Sue Townsend, the creator of Adrian Mole, has died following a stroke.
Townsend wrote six non-Adrian Mole books but it was her fictional teenage Leicestershire poet which captured the public’s imagination following his debut in her 1982 book, The Secret Diary of Adrian Mole, Aged 13¾.
The book, and its sequel, were turned into highly popular TV shows by ITV franchise holder Thames Television.
Adrian returned to TV screens in the BBC’s 2001 adaptation of The Cappuccino Years.
Townsend’s witty observations on life – as told by Adrian – ensured the character remained a firm favourite with fans. He last appeared in 2009’s The Prostrate Years.
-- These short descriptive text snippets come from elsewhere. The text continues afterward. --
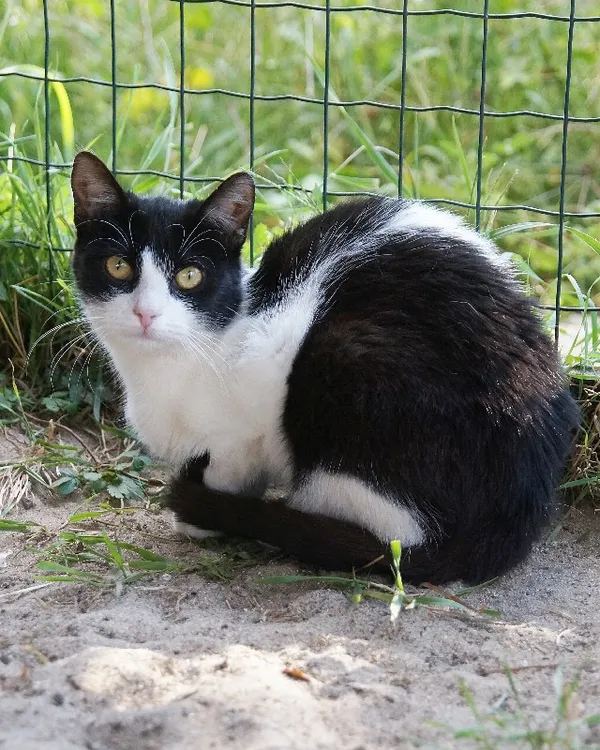 Kot do adopcji, Młodolino, 3 sierpnia 2021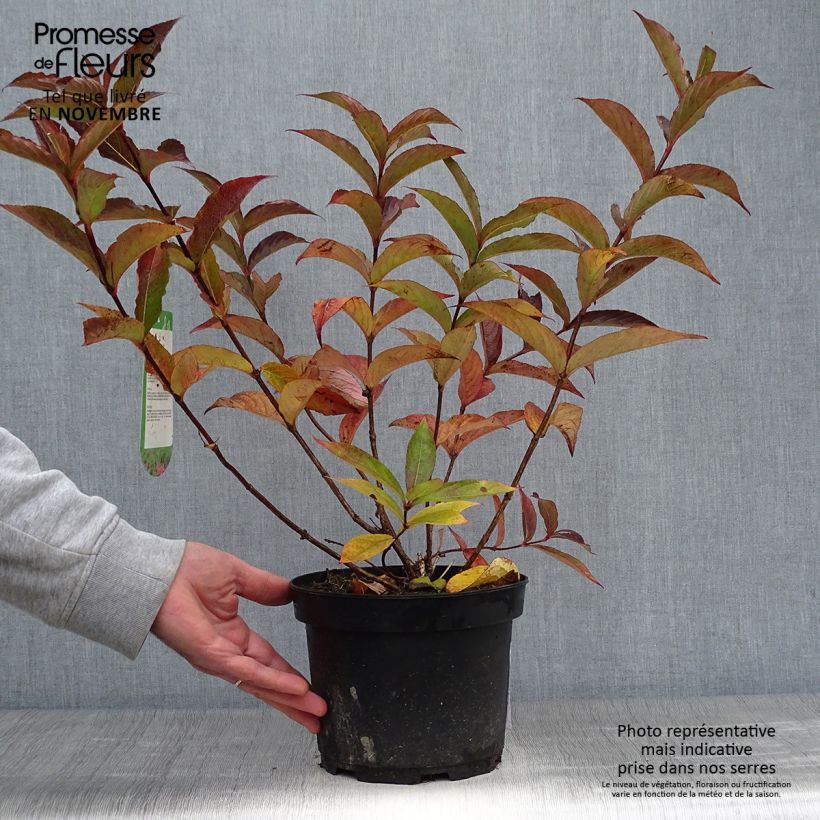 Ejemplar de Weigela Florida Bristol Ruby 40/50cm en pot de 2L/3L entregado en otoño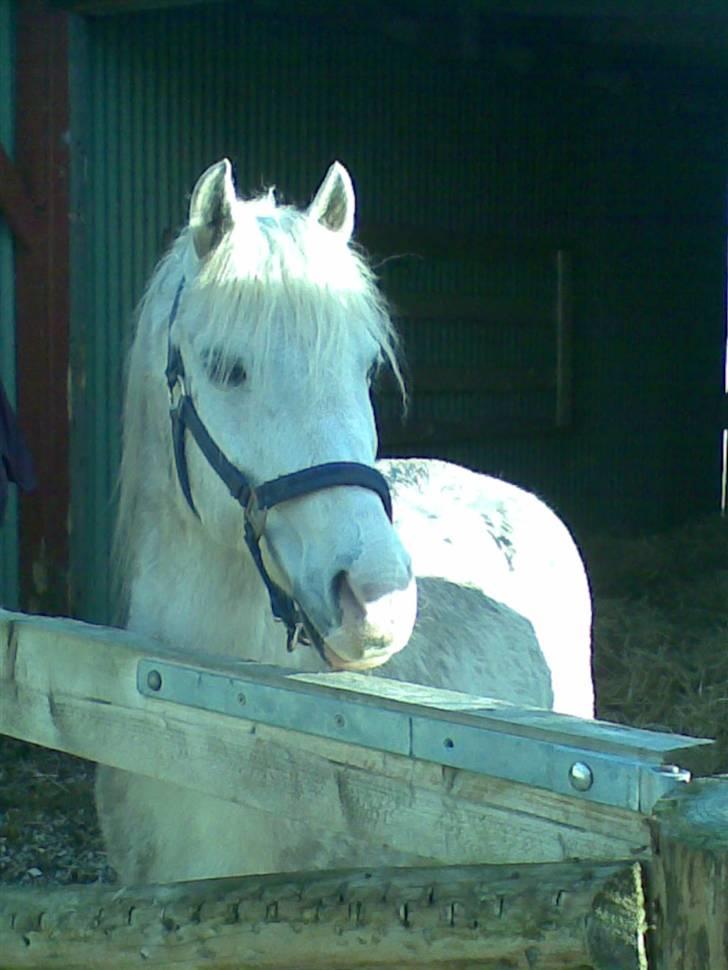 Anden særlig race Thyregods Prins R.I.P. - Thyregods Prins - Meget beskidt ;p billede 1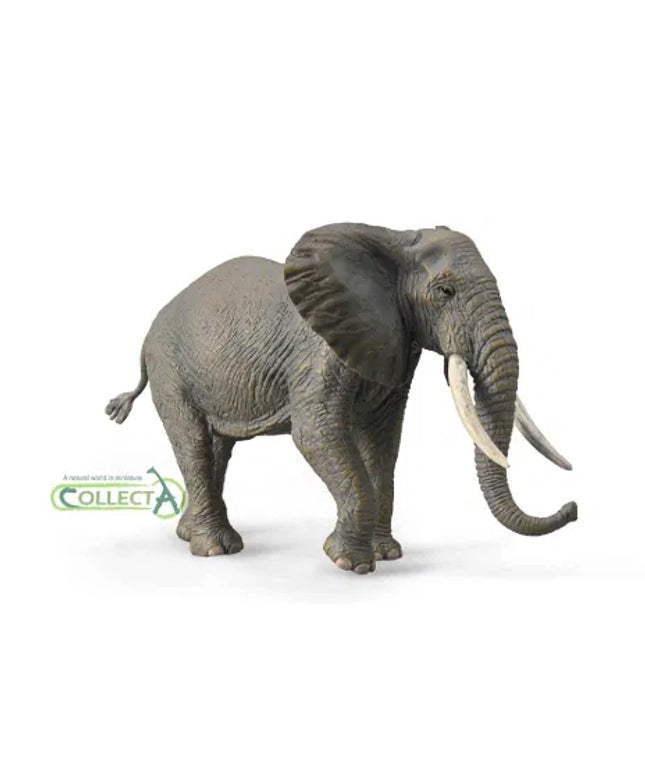 African Elephant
More than eight million copies of Mole’s adventures were sold, having been translated into 39 different languages.
Townsend was born in Leicester in 1946 and upon leaving school worked in a variety of jobs including factory worker, shop assistant, and as a youth worker on adventure playgrounds.
According to publishers Penguin, “she wrote in secret for twenty years, eventually joining a writers’ group at the Phoenix Theatre, Leicester in her thirties.”
Her writing career started after she won the Thames Television Playwright Award for her first play, Womberang at the age of 35.
Other plays followed including The Great Celestial Cow (1984), Ten Tiny Fingers, Nine Tiny Toes (1990), and most recently You, me and Wii (2010).
A number of her books, including The Secret Diary of Adrian Mole aged 13 ¾, have been adapted for the stage.
In 2009 she was given the Honorary Freedom of Leicester and was an honorary MA of Leicester University. In 2008 she was made a Distinguished Honorary Fellow and was an Honorary Doctor of Letters at Loughborough University, and a Fellow of the Royal Society of Literature.
Townsend has suffered from diabetes for many years and was registered blind in 2001.
Despite the loss of her sight, she continued writing, her last published book was The Woman Who Went to Bed for a Year in 2012.
Tom Weldon, CEO Penguin Random House UK, said: “Sue Townsend will be remembered as one in a handful
of this country’s great comic writers. We were so proud to be her publishers.
“She was loved by generations of readers, not only because she made them laugh out loud, but because her view of the world, its inhabitants and their frailties was so generous, life affirming and unique.”